Thel. Smith was the younger daughter of Stanley George Smith and his wife Elsie. The family moved to South Australia when Thel was twelve months old. Her father enlisted as a soldier in World War I and he was killed in the war in 1917. Her mother took the girls back to Western Australia to live, but by now her friends were in South Australia and she couldn't settle in the west, so they returned to Adelaide.
Thel went to the Flinders Street Practising School, then spent four years at the Methodist Ladies' College. She then got a half scholarship to Chartres' Business College. She later worked in the Children's Welfare Department, in the Boarding Out Office, finding homes for foster children. The man she wanted to marry was transferred to New York, but she felt she had to stay and look after her mother. Both vowed that they would never marry another; if they couldn't marry each other they would remain single. Both kept that promise.
Thel was a great reader.
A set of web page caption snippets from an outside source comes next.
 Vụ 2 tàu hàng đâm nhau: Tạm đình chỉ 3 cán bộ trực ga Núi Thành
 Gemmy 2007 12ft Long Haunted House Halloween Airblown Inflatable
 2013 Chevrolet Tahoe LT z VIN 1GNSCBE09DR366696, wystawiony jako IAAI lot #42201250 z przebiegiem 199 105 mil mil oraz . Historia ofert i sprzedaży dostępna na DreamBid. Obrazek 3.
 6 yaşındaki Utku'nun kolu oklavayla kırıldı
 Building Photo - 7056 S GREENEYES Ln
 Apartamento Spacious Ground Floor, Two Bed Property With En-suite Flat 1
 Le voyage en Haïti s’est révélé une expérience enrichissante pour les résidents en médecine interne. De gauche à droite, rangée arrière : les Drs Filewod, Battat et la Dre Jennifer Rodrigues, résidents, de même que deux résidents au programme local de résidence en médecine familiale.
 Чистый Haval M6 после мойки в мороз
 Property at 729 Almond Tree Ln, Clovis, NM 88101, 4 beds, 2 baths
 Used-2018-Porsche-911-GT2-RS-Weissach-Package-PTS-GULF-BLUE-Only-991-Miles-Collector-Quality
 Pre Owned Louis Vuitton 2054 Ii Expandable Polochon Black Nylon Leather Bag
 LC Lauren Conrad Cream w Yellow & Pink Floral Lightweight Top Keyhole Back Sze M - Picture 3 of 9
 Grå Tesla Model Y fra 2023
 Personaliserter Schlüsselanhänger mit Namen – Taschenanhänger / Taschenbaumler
One of her earliest recollections is of having her light turned out when she wanted to read in bed. 'At least you can't turn out my thoughts', she said then. She began writing poetry at the age of six. She had her first poem published in the Sunday Mail, in the same issue as her sister Phyl, later to be an artist, had her first picture published.
In 1937 Thel won a writing competiton for the South Australian Rangers. She said she found romance and adventure everywhere around her, and she had a number of short stories and romances, as well as poems, published in women's pages and magazines. She had poems broadcast on radio 5AD, and these were published on request in 1940. Proceeds from the sale of the book were donated to war charities; the Fighting Forces Comforts Fund, the South Australian Division of the Red Cross and the Cheer-Up Hut. She wrote for the Girl Guides the lyrics for three songs, 'Bush Singing', 'Old Green Frog' and 'Camp Fire' which were set to music by Ariel Shearer, broadcast on 5AD, and recordings sent overseas. She also wrote sketches and plays for her Methodist Church at Vermont in the 1950s.
She retired from work at the age of 59, but continued writing until her health prevented her from doing so.